Fan of “The Emerald Mile”? Then you’ll love this latest release by its river-running and not-afraid-to-hike-a-canyon author, Kevin Fedarko, who is at it again, this time releasing a new book on an even bigger sufferfest.
While The Emerald Mile chronicled the story of the fastest ride in history through the Grand Canyon in the spring of 1983 when a massive flood forced engineers at the Glen Canyon Dam to release a record amount of water down the canyon, taking a small wooden dory named “The Emerald Mile” oared by Kenton Grua along for the ride, this time Fedarko hikes, yes hikes, the entire Grand Canyon, along with partner-in-suffering Peter McBride.
According to the book’s publisher Scribner, Fedarko and his band of expert guides did the more than 800-mile hike in four different sections, with Fedarko and photographer McBride both nearing death once and in mortal peril innumerable times. “There are many ways to die in the Grand Canyon — heart attack, heat stroke, loose rock, mudslide, rope and equipment failure, dangerous falls from great heights, drowning, snake bite, and more,” the synopsis reads. “This is not just an epic adventure but a survival tale with great scenes and characters.”
The Book in a Nutshell
From the author of the beloved bestseller The Emerald Mile comes a rollicking and poignant account of the epic misadventure of two friends, zero preparation, and one dream: a 750-mile odyssey, on foot, through the heart of America’s most magnificent national park and the grandest wilderness on earth.
A few years after quitting his job to follow an ill-advised dream of becoming a guide on the Colorado River, Kevin Fedarko was approached by his best friend, the National Geographic photographer Pete McBride, with a vision as bold as it was harebrained.
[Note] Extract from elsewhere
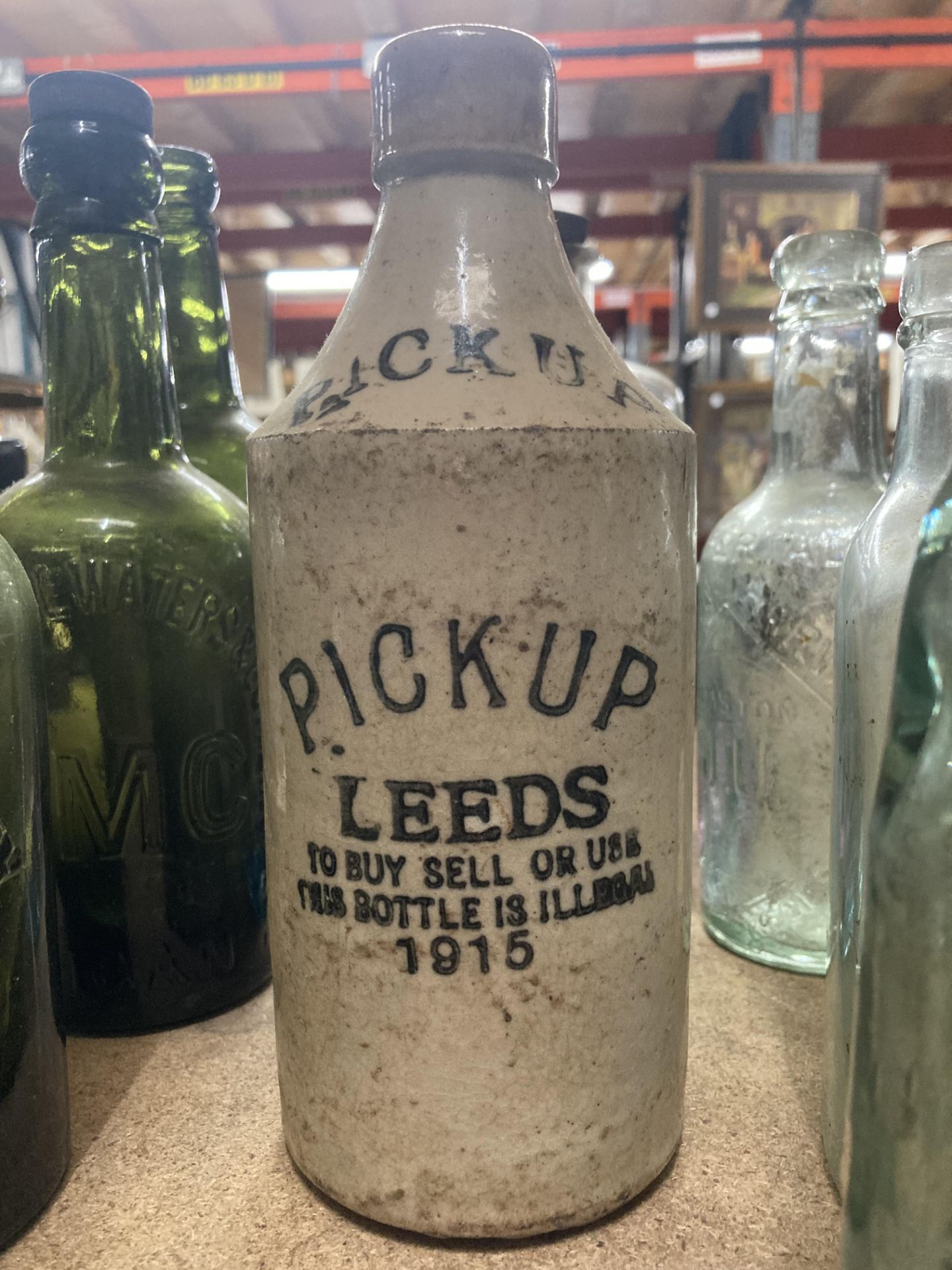 A COLLECTION OF VINTAGE BOTTLES TO INCLUDE GREEN AND CLEAR MOST WITH MANUFACTURERS NAMES - Image 4 of 4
Together, they would embark on an end-to-end traverse of the Grand Canyon, a journey that, McBride promised, would be “a walk in the park.” Against his better judgment, Fedarko agreed to the scheme, unaware that the small cluster of experts who had completed the crossing billed it as “the toughest hike in the world.”
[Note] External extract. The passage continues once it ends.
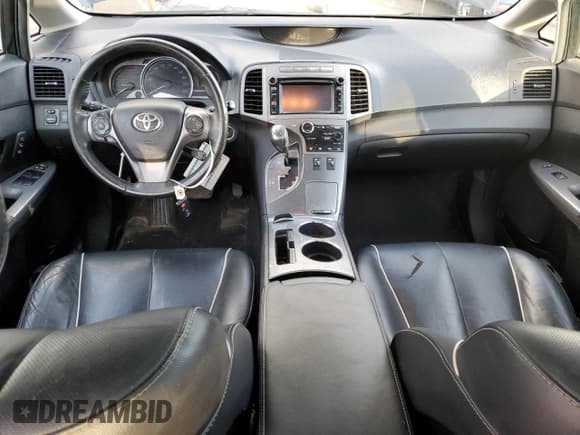 ✅ 2013 Toyota Venza LE • VIN: 4T3BK3BBXDU076068 • Lot: 92684075. Wystawiony na Copart z przebiegiem 211 241 mil. Bezpłatny archiwum sprzedaży aukcyjnych z USA i szczegółowy raport historii pojazdu na DreamBid. Zdjęcie 8.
The ensuing ordeal, which lasted more than a year, revealed a place that was deeper, richer, and far more complex than anything the two men had imagined—and came within a hair’s breadth of killing them both. They struggled to make their way through the all but impenetrable reaches of its truest wilderness, a vertical labyrinth of thousand-foot cliffs and crumbling ledges where water is measured out by the teaspoon and every step is fraught with peril—and where, even today, there is still no trail along the length of the country’s best-known and most iconic park.
Along the way, veteran long-distance hikers ushered them into secret pockets, invisible to the millions of tourists gathered on the rim, where only a handful of humans have ever laid eyes. Members of the canyon’s eleven Native American tribes brought them face-to-face with layers of history that forced them to reconsider myths at the center of our national parks—and exposed them to the impinging threats of commercial tourism. Even Fedarko’s dying father, who had first pointed him toward the canyon more than forty years earlier but had never set foot there himself, opened him to a new way of seeing the landscape.
And always, there was the great gorge itself: austere and unforgiving but suffused with magic, drenched in wonder, and redeemed by its own transcendent beauty. A Walk in the Park is a singular portrait of a sublime place, and a deeply moving plea for the preservation of America’s greatest natural treasure.
“Fedarko just writes that way….like you could be right next to him while he tells you about his bleeding feet that he decided duct-tape would be a good fix for, or the searing heat, or hiking in and out of the hundreds of side canyons that made their hike at least twice as many miles as the river’s path,” says Fedarko fan Marya Johnston, owner Out West Books.